● EXERCISE REQUIREMENTS: Pictures in the listing below are skipped, while the lines from the "5th image of 1019 NE Knowles Drive" line through the "Kidsmill box zwart" line are returned word for word.

++++++++++++++++++++

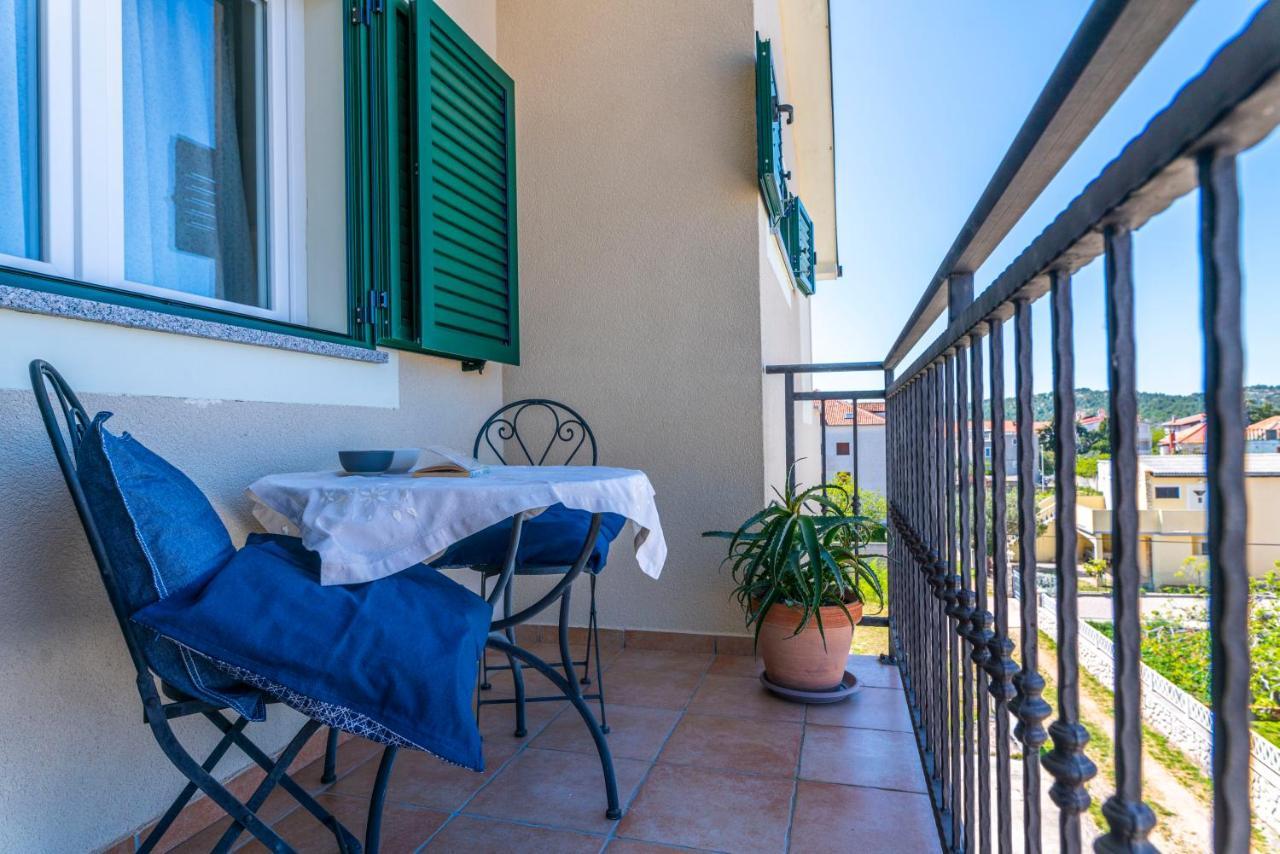 Charming Tale Apartments Modun19 Pirovac Exterior foto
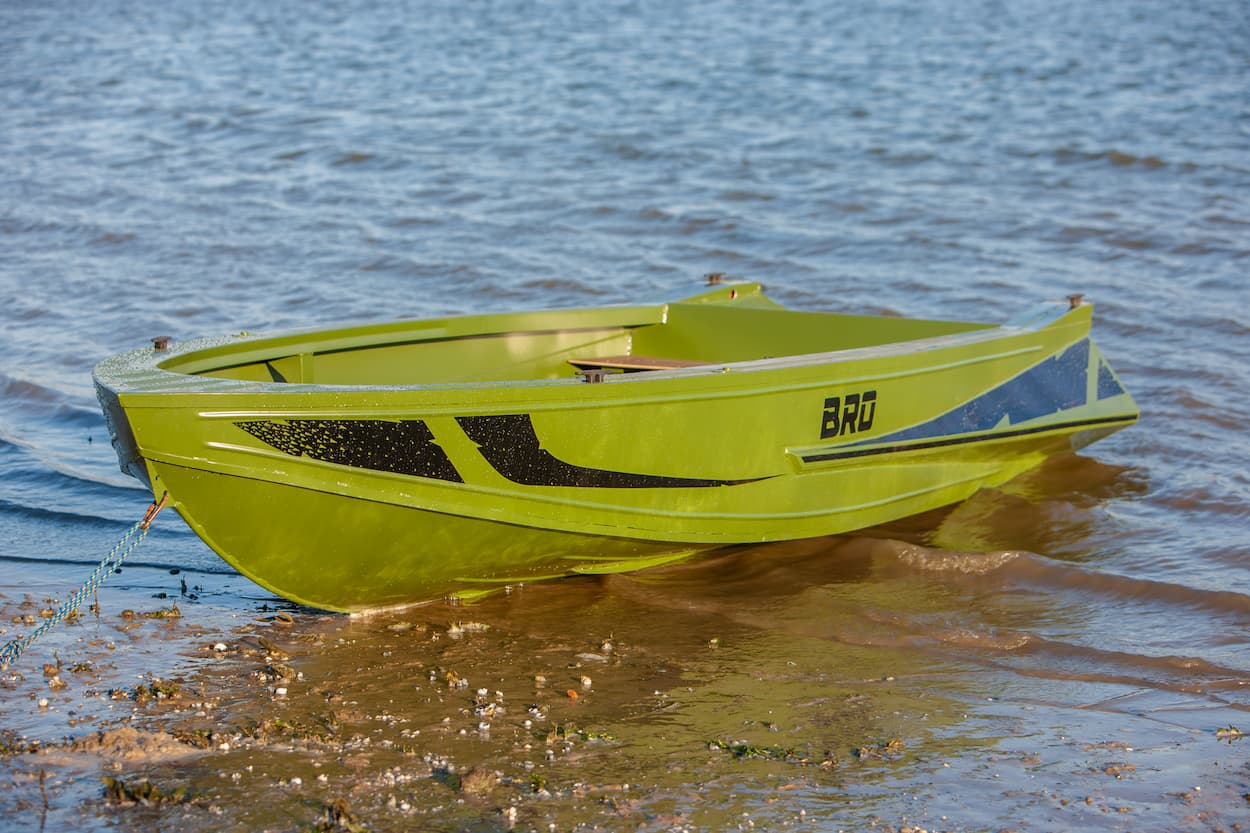 Недорогие лодки от производителя. Bro XS 3.9. Лодка bro 3.9 Двухконсольная. Алюминиевая лодка нерегистрат. Лодка bro XS 3.9 консольная.
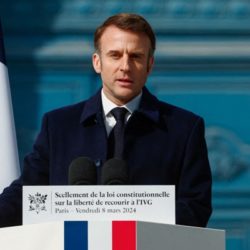 Macron souhaite inscrire l'IVG dans la charte des droits fondamentaux de l'UE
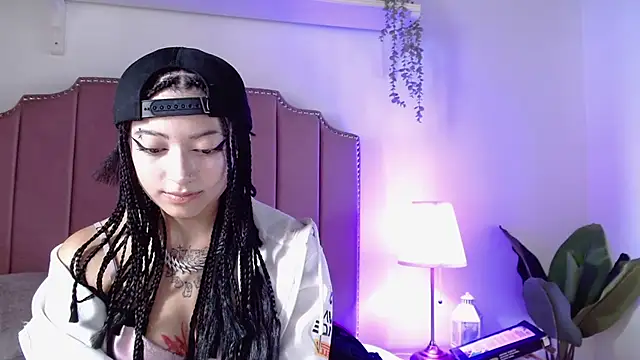 Snapshot of shiny_foxeyes chatting on 04-02-26, 09:01 shiny foxeyes online show from 04-02-26, 09:01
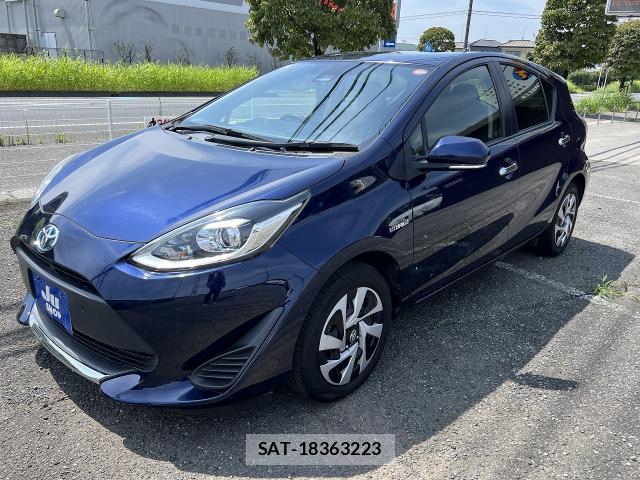 Toyota AQUA 2020-03 8277688-0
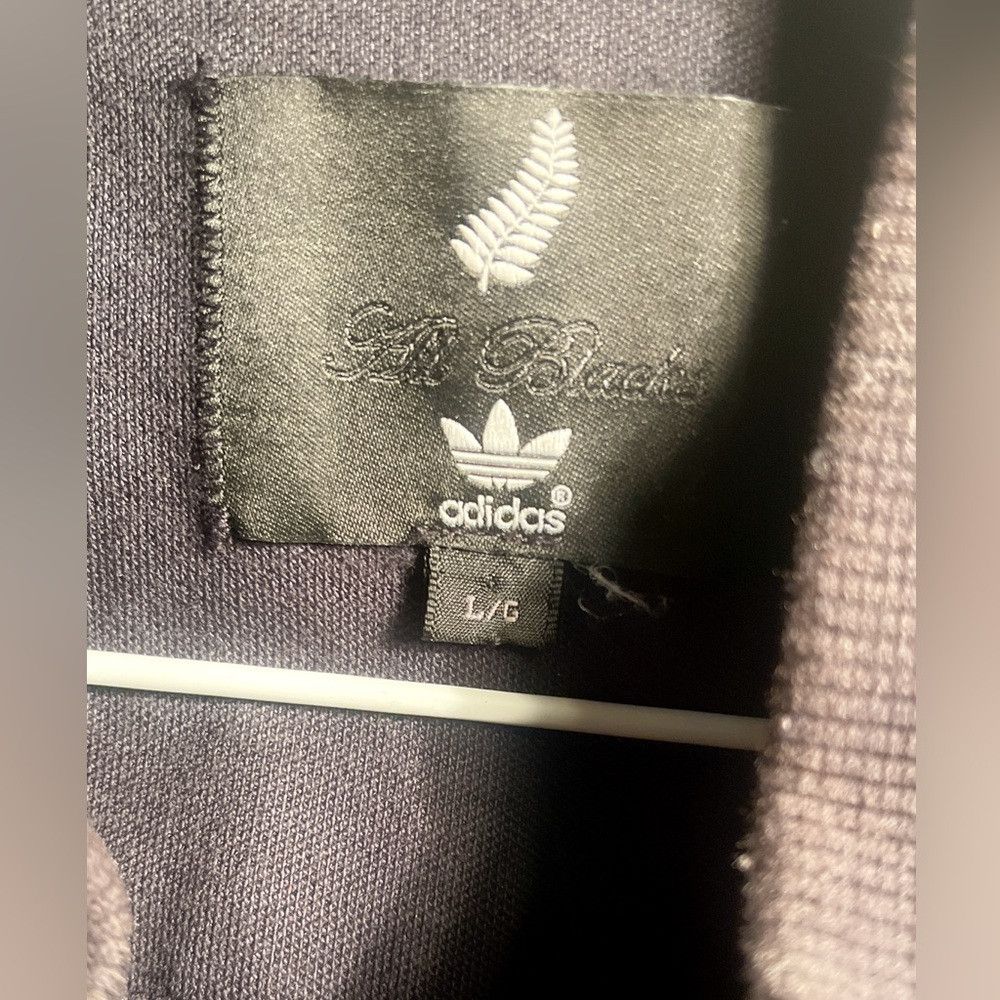 Adidas Vintage Adidas “all blacks” deadstock stretwear rugby jacket Size US L / EU 52-54 / 3 - 4 Thumbnail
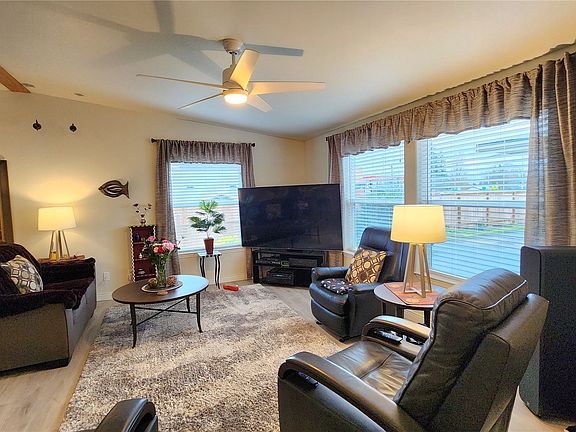 5th image of 1019 NE Knowles Drive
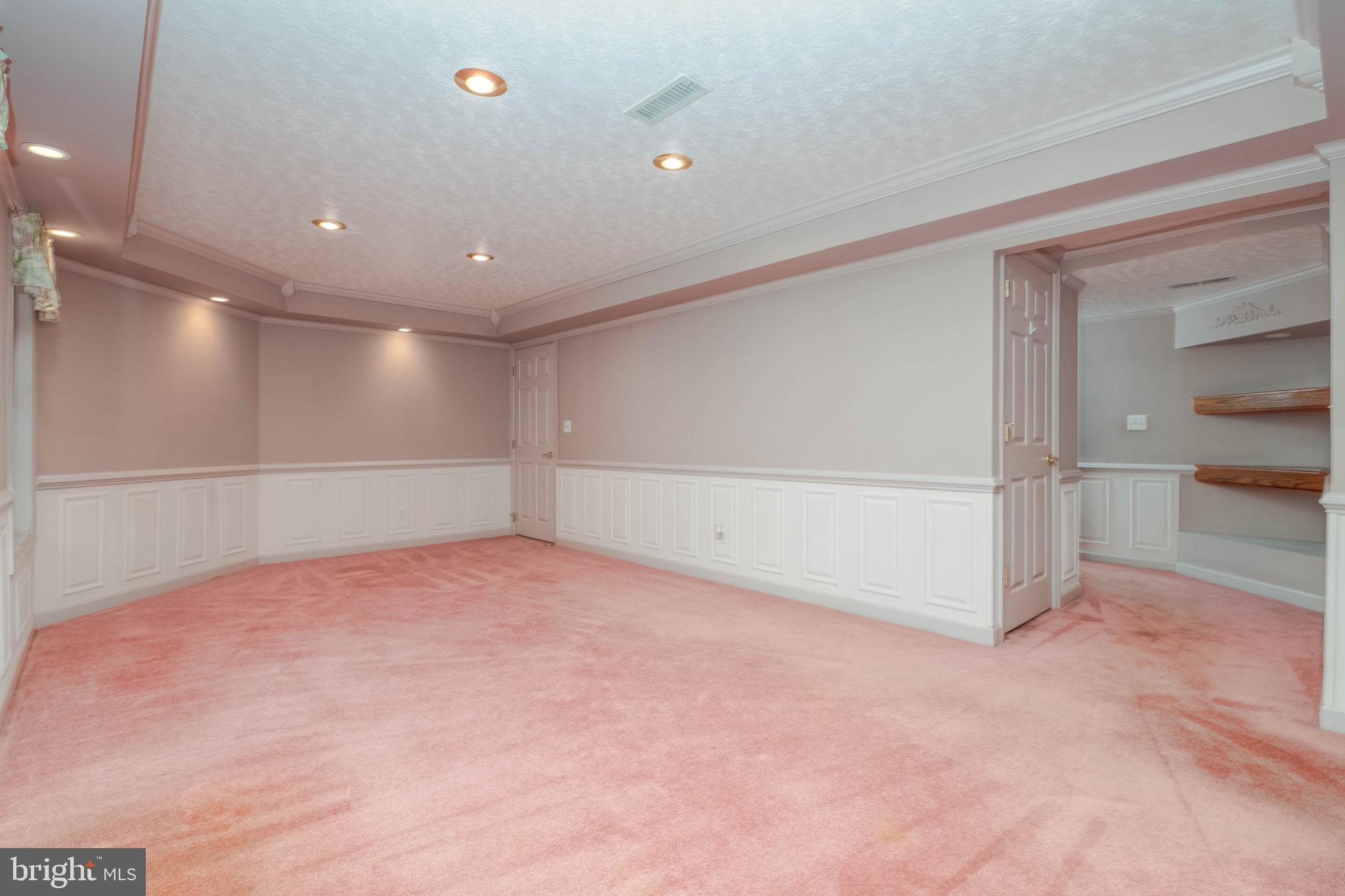 EQUESTRIAN ACRES - Residential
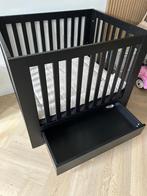 Kidsmill box zwart met opberg lade, Kinderen en Baby's, Boxen, Ophalen, Zo goed als nieuw, In hoogte verstelbaar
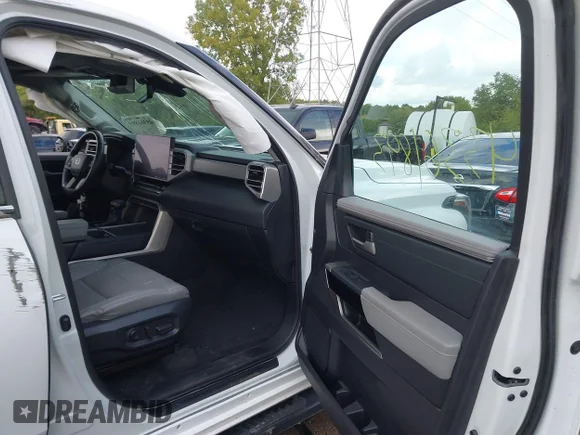 ✅ 2022 Toyota Tundra Limited • VIN: 5TFJA5DB7NX021209 • Lot: 43361893. Wystawiony na IAAI z przebiegiem 30 445 mil. Bezpłatny archiwum sprzedaży aukcyjnych z USA i szczegółowy raport historii pojazdu na DreamBid. Zdjęcie 5.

++++++++++++++++++++

● TASK RESPONSE:
 5th image of 1019 NE Knowles Drive
 EQUESTRIAN ACRES - Residential
 Kidsmill box zwart met opberg lade, Kinderen en Baby's, Boxen, Ophalen, Zo goed als nieuw, In hoogte verstelbaar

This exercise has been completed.